Nunca
pude sostener la lectura de La
puta de Babilonia, de Fernando
Vallejo. Se me escurría de las manos al no saber acomodarla dentro
de mi catálogo de lecturas: ¿estaba frente a una novela, una
diatriba, un libelo, un ensayo monográfico exaltado? ¿Importaba
acaso catalogarla? Tal vez no, pero esos pensamientos distraían mi
atención de los exabruptos de Vallejo, por lo que inevitablemente el
libro terminaba en la estantería, junto con otros textos pendientes.
Sin
embargo, ante la inminente llegada del Papa Francisco a la Ciudad de
México y ante la avalancha mediática-cursi-sentimentaloide en torno
a Su Santidad, que convierte al Pontífice en una fuente inagotable
de virtud y amor hacia el prójimo, sentí el impulso de tomar el
libro. En esta ocasión, la lectura fluyó sin interrupciones.
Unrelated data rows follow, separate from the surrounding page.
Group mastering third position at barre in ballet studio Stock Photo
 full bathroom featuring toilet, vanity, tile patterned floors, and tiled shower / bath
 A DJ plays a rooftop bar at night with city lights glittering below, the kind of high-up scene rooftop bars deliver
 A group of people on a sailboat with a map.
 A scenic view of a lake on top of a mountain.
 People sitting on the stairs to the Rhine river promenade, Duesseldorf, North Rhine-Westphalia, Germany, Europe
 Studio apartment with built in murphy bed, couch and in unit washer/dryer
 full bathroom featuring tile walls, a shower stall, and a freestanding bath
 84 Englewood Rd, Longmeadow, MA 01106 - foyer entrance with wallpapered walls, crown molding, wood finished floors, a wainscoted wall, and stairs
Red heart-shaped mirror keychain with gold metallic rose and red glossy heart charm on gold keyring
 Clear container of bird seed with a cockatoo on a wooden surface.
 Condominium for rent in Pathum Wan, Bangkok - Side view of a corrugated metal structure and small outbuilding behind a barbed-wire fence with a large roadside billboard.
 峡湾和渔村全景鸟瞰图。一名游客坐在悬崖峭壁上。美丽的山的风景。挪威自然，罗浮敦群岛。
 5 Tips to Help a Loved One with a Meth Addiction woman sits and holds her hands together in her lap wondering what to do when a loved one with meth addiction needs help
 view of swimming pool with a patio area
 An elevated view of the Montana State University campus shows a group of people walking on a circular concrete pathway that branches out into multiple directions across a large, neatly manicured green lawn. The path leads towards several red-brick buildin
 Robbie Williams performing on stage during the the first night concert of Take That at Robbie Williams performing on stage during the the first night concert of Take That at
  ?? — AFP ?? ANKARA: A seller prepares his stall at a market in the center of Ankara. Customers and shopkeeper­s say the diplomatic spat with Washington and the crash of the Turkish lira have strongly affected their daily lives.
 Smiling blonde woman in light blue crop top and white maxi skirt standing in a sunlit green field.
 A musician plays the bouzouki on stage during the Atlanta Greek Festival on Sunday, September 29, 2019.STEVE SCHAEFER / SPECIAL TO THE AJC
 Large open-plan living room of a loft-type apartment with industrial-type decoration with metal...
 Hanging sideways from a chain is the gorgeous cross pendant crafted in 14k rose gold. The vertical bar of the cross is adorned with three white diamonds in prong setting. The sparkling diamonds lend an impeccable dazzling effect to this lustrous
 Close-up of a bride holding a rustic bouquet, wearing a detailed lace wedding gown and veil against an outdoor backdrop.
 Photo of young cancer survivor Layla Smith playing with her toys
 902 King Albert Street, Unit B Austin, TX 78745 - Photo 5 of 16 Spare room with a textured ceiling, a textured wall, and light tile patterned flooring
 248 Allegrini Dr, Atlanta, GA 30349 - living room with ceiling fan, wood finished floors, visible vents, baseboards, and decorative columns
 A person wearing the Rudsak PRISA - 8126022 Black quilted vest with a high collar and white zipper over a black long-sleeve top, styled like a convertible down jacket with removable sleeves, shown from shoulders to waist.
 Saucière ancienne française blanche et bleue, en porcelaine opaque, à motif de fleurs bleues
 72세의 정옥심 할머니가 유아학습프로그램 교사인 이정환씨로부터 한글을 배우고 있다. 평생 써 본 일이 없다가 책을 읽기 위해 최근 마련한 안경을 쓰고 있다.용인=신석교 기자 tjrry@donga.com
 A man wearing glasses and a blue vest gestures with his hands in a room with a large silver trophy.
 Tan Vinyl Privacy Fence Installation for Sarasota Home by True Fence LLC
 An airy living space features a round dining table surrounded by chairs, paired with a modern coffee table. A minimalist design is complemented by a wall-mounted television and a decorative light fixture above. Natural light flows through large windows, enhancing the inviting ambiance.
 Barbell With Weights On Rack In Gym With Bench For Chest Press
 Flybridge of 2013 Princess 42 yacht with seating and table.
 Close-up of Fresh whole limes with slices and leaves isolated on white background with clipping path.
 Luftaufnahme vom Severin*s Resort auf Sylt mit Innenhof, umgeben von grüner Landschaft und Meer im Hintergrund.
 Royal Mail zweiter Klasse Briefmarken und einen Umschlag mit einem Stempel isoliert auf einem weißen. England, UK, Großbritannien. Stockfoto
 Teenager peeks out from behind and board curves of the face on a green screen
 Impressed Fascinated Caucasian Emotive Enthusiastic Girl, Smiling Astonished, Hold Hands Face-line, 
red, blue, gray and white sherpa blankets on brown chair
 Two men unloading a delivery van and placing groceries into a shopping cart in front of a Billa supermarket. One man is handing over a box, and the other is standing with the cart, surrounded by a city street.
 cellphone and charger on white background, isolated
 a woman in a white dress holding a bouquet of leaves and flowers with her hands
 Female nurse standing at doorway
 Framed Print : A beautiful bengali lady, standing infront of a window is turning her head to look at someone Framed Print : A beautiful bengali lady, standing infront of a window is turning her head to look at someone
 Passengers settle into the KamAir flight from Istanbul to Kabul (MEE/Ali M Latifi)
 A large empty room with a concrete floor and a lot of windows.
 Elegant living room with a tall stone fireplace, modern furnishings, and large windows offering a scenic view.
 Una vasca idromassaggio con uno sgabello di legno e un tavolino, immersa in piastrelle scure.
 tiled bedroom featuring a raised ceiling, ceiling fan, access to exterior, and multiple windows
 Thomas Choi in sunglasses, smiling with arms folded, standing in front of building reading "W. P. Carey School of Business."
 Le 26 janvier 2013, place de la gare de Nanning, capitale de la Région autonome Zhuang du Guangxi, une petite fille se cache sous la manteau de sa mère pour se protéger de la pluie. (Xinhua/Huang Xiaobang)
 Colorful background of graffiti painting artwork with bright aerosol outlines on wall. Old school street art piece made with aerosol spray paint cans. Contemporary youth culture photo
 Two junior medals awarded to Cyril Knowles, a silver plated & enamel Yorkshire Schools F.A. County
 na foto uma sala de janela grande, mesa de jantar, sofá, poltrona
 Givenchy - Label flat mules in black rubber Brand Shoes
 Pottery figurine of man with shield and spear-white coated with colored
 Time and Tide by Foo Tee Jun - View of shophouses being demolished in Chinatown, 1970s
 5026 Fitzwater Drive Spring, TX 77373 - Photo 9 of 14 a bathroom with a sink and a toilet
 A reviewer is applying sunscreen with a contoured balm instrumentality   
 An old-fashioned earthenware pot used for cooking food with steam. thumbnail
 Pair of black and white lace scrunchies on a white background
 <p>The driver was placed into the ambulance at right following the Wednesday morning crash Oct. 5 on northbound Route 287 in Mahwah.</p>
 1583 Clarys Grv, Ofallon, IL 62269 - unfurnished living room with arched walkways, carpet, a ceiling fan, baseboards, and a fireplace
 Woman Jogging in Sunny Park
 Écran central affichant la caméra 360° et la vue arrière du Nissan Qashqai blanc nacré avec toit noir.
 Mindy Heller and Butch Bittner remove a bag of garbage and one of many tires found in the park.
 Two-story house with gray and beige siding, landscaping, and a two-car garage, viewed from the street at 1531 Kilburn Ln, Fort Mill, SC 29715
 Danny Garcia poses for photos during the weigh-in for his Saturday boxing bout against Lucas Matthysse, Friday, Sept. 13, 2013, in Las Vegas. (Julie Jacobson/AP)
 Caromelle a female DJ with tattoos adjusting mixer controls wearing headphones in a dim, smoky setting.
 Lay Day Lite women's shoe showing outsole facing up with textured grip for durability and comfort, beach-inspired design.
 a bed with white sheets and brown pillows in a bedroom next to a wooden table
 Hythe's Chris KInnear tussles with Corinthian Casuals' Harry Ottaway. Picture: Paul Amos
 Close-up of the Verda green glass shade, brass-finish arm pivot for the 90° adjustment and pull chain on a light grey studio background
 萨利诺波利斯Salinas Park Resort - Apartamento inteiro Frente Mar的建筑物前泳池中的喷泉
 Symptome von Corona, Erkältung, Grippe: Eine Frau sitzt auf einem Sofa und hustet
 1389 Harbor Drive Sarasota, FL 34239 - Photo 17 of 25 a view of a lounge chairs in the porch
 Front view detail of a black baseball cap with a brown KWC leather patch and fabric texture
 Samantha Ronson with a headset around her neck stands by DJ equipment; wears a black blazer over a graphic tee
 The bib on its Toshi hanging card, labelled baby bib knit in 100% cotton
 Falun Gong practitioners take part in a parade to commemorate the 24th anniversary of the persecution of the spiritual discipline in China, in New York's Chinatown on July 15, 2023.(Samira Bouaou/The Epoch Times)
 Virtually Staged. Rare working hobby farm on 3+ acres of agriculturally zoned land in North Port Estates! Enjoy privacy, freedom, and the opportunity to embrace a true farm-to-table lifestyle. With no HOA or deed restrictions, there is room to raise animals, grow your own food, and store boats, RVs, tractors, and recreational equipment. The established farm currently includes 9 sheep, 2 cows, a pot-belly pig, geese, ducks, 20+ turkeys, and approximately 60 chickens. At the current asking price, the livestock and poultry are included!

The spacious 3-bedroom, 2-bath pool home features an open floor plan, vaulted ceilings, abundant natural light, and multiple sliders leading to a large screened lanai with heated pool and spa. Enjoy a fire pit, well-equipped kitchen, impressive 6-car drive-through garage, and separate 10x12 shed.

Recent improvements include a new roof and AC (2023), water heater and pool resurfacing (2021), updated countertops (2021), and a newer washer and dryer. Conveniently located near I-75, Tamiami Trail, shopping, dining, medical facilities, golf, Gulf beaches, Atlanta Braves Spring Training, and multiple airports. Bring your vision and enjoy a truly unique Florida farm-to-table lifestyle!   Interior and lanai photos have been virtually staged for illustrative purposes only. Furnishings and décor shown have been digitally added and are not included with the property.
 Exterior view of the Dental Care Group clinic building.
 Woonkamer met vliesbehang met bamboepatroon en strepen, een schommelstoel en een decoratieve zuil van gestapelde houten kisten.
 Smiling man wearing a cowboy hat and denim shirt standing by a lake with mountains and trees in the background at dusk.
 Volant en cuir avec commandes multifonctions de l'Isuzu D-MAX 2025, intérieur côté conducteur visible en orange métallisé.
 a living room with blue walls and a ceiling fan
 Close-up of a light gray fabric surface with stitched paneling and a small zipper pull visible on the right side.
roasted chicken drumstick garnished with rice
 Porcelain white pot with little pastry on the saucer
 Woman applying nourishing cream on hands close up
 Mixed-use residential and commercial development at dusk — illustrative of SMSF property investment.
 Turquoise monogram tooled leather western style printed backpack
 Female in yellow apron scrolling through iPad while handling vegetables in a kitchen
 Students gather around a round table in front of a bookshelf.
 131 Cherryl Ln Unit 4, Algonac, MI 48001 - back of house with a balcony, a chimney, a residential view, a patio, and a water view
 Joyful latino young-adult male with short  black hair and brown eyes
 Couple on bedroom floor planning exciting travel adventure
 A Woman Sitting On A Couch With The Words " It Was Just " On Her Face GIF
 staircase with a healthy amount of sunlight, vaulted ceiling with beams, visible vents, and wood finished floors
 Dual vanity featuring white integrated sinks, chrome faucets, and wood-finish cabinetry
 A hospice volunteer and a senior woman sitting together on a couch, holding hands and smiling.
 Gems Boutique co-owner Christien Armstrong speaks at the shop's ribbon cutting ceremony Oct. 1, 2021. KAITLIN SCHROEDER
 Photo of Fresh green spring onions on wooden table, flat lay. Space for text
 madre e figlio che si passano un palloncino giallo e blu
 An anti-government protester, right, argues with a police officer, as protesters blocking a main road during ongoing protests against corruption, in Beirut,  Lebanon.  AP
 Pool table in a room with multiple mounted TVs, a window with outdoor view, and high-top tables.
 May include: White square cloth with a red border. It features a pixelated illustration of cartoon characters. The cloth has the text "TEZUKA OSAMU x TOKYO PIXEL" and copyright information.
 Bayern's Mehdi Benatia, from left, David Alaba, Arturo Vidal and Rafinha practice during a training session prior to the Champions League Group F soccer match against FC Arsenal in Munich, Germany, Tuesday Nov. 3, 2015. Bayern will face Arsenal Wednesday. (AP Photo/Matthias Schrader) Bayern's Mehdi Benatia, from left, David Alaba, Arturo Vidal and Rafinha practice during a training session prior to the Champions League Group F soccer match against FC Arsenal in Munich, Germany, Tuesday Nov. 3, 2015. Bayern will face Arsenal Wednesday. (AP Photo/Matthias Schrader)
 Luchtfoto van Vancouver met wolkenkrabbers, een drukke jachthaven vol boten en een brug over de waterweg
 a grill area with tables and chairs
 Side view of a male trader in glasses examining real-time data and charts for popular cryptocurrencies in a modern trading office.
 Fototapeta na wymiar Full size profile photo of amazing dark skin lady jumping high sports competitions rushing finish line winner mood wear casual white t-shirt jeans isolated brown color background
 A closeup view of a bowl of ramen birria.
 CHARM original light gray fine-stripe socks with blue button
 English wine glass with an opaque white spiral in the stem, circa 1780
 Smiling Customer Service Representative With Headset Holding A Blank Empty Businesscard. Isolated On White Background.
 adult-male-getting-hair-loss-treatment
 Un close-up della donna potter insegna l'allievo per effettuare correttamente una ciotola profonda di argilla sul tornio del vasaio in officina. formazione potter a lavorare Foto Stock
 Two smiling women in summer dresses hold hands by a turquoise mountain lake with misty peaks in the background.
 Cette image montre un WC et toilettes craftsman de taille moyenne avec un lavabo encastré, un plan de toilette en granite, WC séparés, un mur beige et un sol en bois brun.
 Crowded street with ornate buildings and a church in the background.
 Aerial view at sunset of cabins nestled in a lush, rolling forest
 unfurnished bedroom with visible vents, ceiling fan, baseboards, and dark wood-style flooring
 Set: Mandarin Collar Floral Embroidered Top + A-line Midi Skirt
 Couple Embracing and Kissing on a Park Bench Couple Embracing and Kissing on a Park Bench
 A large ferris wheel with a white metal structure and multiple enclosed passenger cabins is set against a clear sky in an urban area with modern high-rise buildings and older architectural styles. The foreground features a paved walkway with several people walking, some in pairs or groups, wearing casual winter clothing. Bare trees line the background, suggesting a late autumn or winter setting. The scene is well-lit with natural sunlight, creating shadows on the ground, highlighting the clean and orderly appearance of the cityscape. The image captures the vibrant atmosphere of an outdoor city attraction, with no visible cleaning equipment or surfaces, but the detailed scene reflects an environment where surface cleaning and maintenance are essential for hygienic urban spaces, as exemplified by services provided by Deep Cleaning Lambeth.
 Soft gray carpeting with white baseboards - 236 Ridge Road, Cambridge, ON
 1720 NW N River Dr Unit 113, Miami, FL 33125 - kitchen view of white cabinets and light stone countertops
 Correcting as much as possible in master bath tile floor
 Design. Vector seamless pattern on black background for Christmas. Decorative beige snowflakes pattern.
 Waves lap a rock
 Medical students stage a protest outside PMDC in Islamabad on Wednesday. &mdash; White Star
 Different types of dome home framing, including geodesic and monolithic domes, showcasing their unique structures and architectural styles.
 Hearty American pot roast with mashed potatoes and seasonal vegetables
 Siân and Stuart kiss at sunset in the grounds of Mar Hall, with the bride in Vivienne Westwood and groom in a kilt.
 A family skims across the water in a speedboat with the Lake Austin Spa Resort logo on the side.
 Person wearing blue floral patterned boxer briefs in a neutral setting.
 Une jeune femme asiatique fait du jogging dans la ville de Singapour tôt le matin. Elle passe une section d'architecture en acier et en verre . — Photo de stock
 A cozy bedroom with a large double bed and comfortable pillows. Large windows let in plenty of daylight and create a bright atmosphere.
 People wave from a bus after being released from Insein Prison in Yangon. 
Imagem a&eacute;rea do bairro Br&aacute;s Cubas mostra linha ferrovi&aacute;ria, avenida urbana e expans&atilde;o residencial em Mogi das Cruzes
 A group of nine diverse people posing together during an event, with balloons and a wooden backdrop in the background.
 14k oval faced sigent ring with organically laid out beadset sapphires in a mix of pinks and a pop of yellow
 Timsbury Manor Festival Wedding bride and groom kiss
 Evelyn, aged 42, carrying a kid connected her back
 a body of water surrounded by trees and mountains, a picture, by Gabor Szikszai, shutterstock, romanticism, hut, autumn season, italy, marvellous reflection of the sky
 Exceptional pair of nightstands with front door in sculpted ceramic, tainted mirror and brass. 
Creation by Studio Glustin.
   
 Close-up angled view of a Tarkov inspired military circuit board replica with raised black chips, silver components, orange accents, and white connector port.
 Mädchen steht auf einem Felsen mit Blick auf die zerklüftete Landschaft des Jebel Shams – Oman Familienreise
De
inmediato, pensé que La puta de
Babilonia es un texto que debe
leerse como una AntiHagiografía; como un letanía compuesta para
desafinar (desafiar) los angélicos coros mediante los cuales la
Iglesia de Roma ha pretendido armonizar su pasado/presente disoluto,
codicioso, criminal.
Como
AntiHagiografía La puta de
Babilonia hace un recuento de
los apetitos bestiales de Santos, Papas y Doctores de la Iglesia, que
han extasiado sus deseos de sangre y semen en el nombre de Cristo y
su Iglesia: “No hay Papas buenos. Ni malos. Hay Papas peores.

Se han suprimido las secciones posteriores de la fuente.